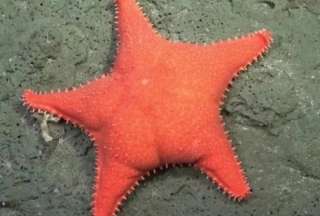 Un equipo de investigadores encontró en el Atlántico Sur una estrella de mar con un parecido asombroso a Patricio Estrella, el popular personaje de Bob Esponja. 
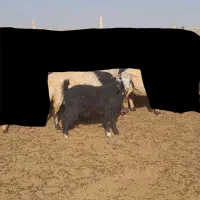 بزغاله نر چاق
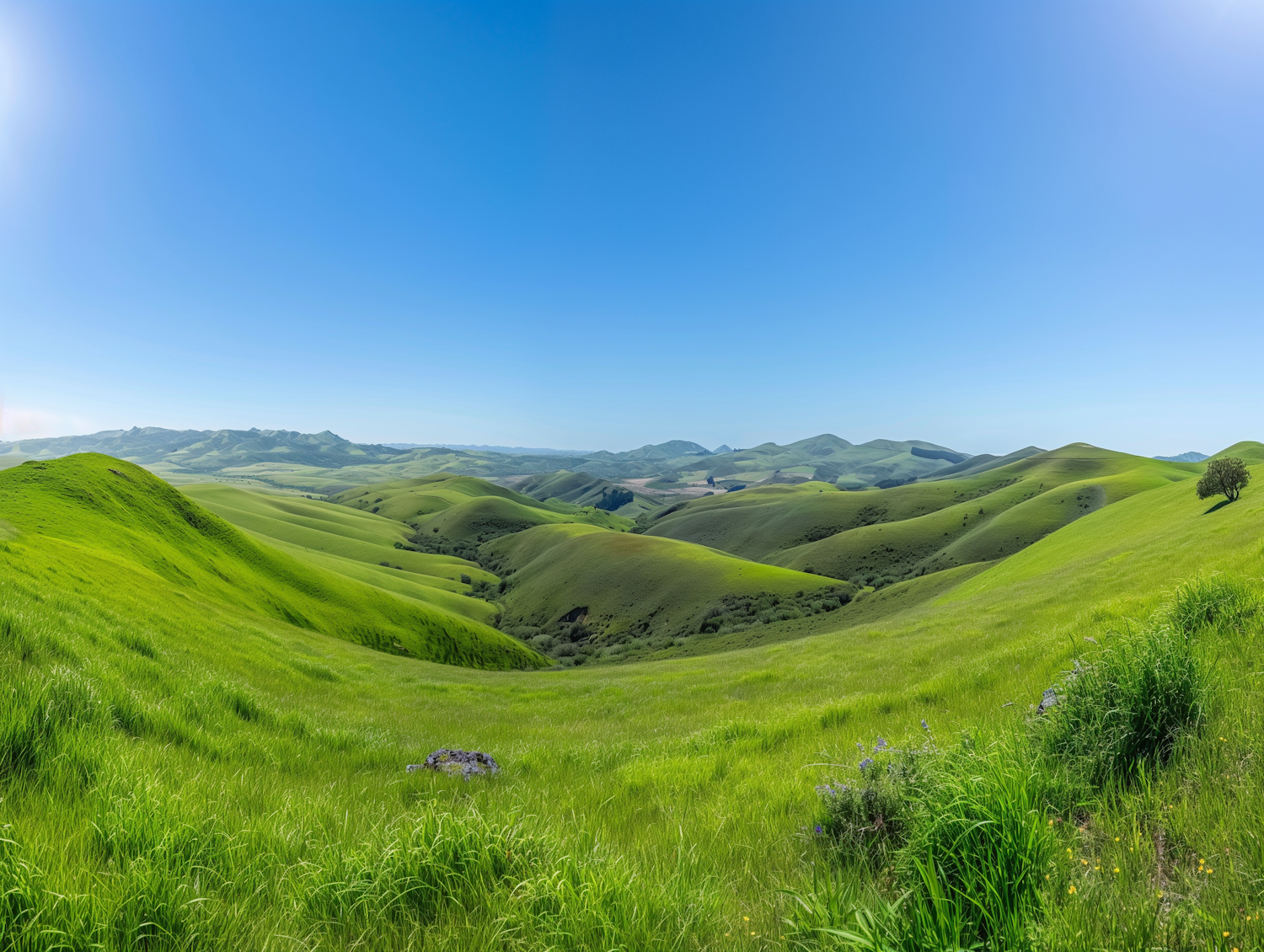 Serene Green Hills Landscape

§

▶ _EXERCISE DETAILS_: The required output is each line above restated verbatim, with all images omitted.

▶ _RESULT FOR THIS TASK_:
 Un equipo de investigadores encontró en el Atlántico Sur una estrella de mar con un parecido asombroso a Patricio Estrella, el popular personaje de Bob Esponja. 
 بزغاله نر چاق
 Serene Green Hills Landscape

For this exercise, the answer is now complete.